▶ WORK TO COMPLETE
In the listing that follows, find the line with "Okay, back —", then copy exactly from it through the line with "Number four: invest", leaving out every picture.

▶ INPUT
======

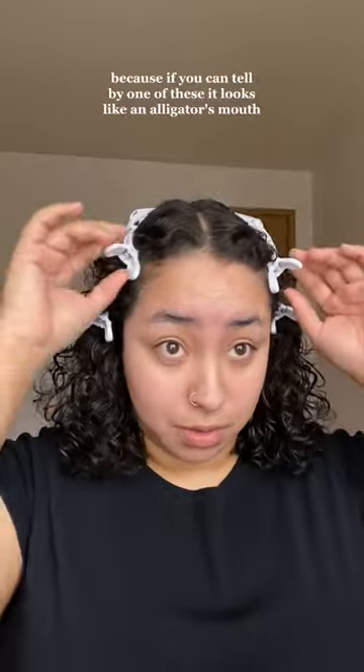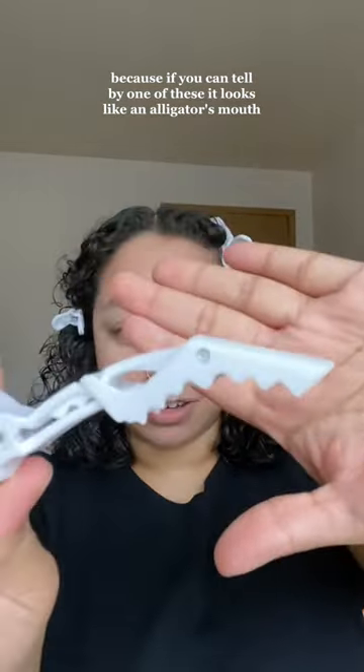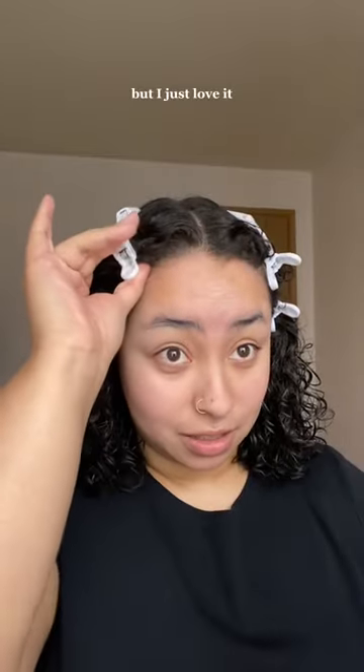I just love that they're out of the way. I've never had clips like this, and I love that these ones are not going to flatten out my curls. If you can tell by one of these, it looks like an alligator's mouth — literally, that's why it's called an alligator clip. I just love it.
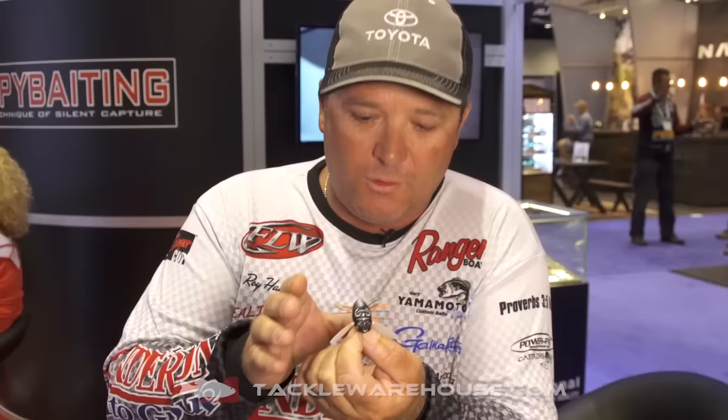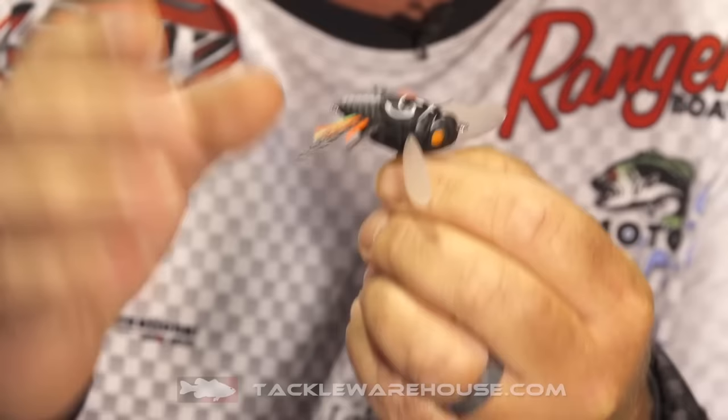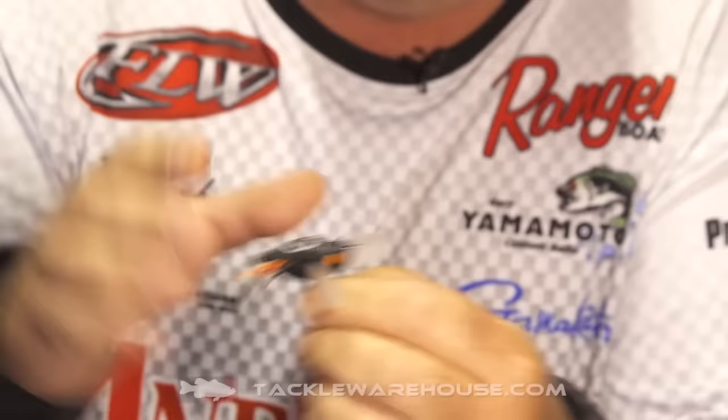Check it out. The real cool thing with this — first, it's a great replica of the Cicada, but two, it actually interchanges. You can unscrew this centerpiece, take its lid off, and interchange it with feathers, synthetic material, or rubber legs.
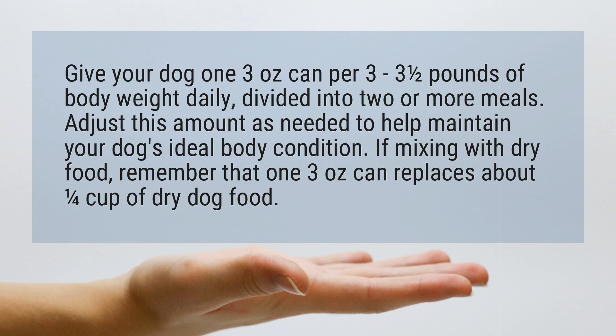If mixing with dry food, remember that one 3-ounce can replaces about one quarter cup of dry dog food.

======

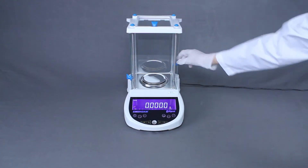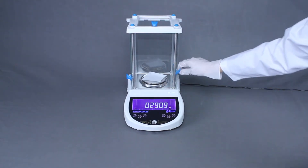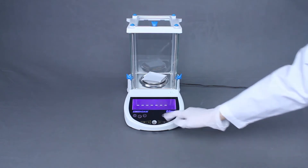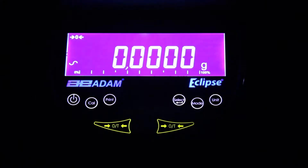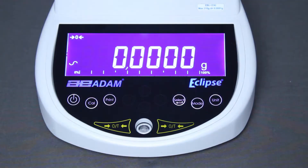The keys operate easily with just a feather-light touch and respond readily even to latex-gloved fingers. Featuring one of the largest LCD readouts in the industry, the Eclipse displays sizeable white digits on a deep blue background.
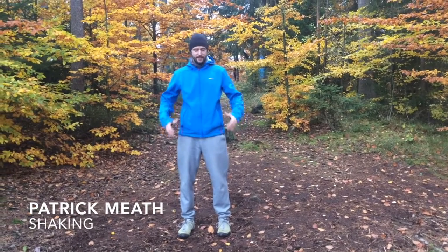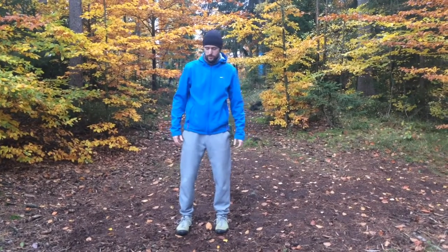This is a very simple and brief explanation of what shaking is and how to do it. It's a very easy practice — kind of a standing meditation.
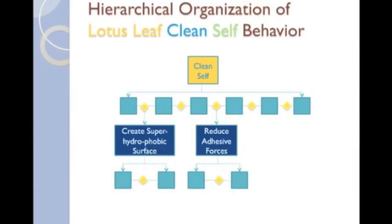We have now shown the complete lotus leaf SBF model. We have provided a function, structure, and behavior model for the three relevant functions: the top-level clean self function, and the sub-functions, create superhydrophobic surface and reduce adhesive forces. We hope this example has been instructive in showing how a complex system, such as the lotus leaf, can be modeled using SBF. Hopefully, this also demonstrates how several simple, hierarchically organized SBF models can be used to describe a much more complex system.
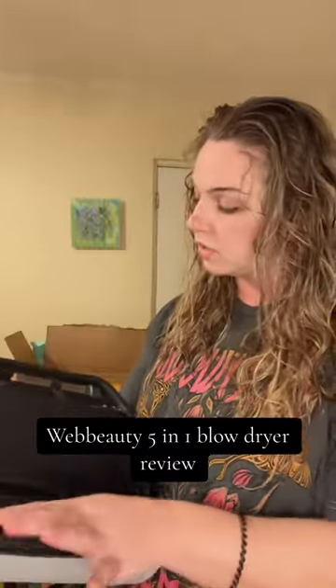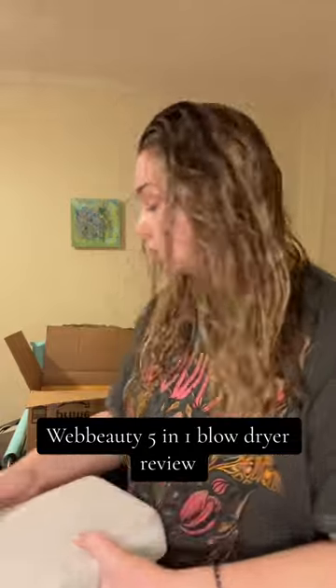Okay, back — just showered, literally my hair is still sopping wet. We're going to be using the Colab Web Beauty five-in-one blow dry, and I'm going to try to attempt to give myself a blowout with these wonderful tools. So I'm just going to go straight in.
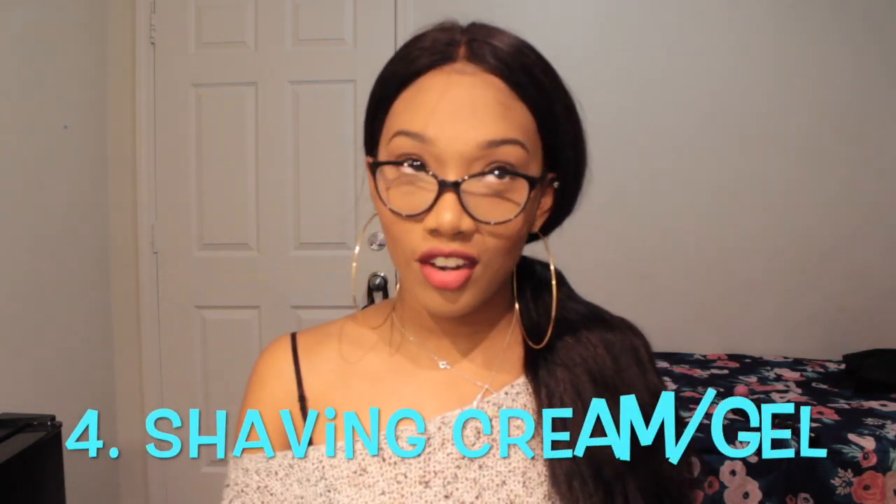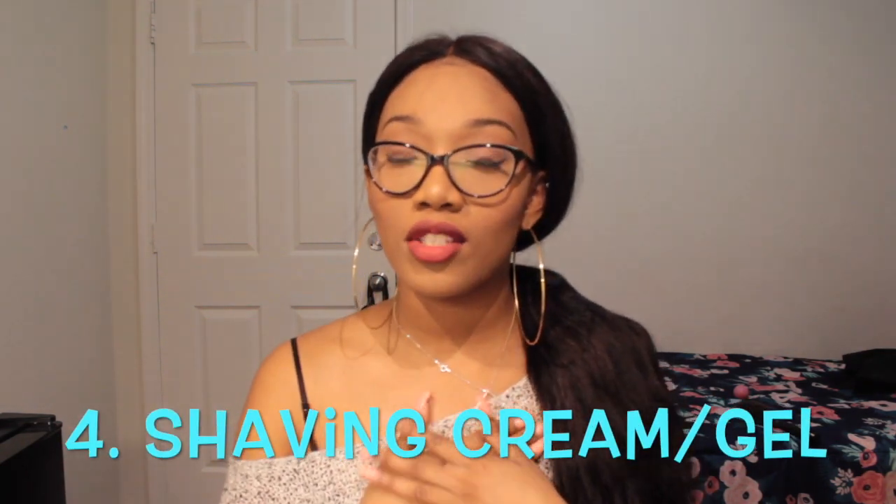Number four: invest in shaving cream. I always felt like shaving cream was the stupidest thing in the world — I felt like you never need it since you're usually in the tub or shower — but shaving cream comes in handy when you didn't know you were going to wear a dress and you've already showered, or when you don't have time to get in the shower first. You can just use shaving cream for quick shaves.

======

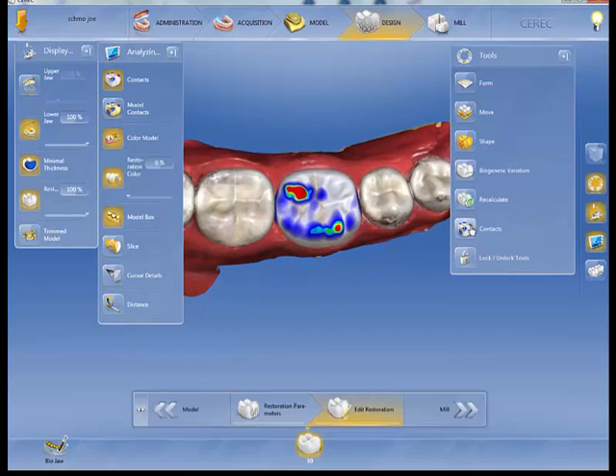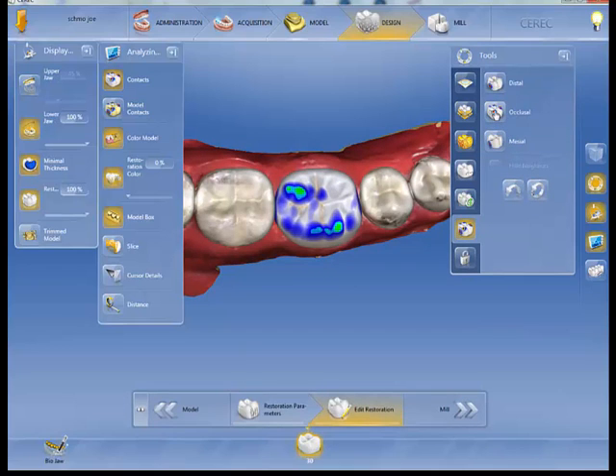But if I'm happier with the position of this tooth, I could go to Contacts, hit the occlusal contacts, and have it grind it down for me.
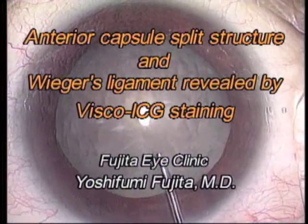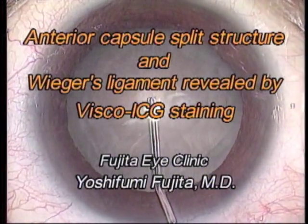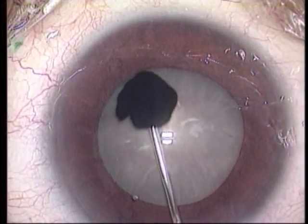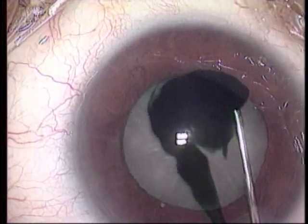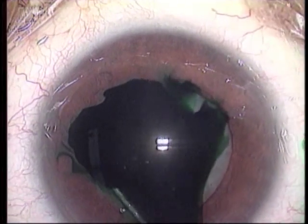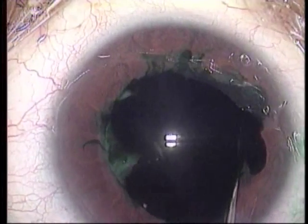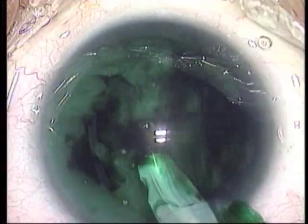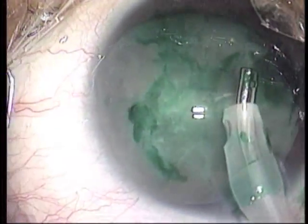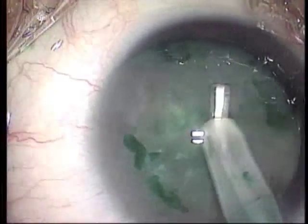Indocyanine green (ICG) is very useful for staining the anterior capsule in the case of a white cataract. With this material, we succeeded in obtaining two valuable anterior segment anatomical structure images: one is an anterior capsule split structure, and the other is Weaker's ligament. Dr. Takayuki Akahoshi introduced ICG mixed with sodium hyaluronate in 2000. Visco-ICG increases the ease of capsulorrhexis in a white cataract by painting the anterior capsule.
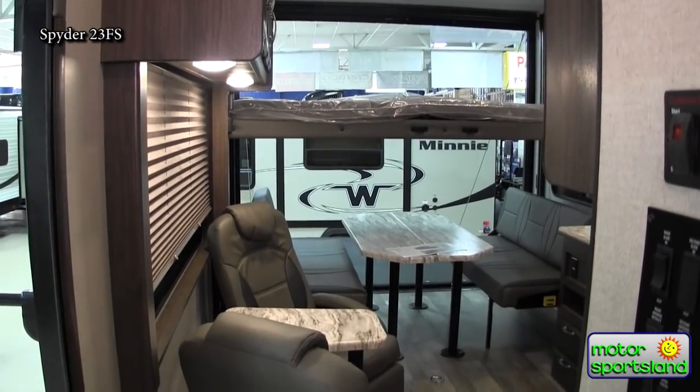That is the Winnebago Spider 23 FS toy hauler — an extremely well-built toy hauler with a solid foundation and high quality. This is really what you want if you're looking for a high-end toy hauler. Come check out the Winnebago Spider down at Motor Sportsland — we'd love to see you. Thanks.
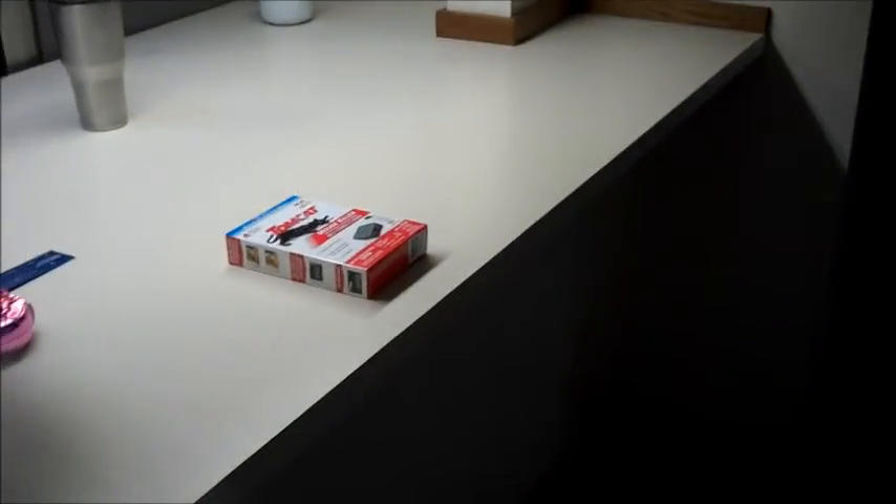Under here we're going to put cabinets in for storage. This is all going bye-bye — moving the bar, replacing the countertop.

======

▶ ANSWER BOX
Okay, back — just showered, literally my hair is still sopping wet. We're going to be using the Colab Web Beauty five-in-one blow dry, and I'm going to try to attempt to give myself a blowout with these wonderful tools. So I'm just going to go straight in.
Number four: invest in shaving cream. I always felt like shaving cream was the stupidest thing in the world — I felt like you never need it since you're usually in the tub or shower — but shaving cream comes in handy when you didn't know you were going to wear a dress and you've already showered, or when you don't have time to get in the shower first. You can just use shaving cream for quick shaves.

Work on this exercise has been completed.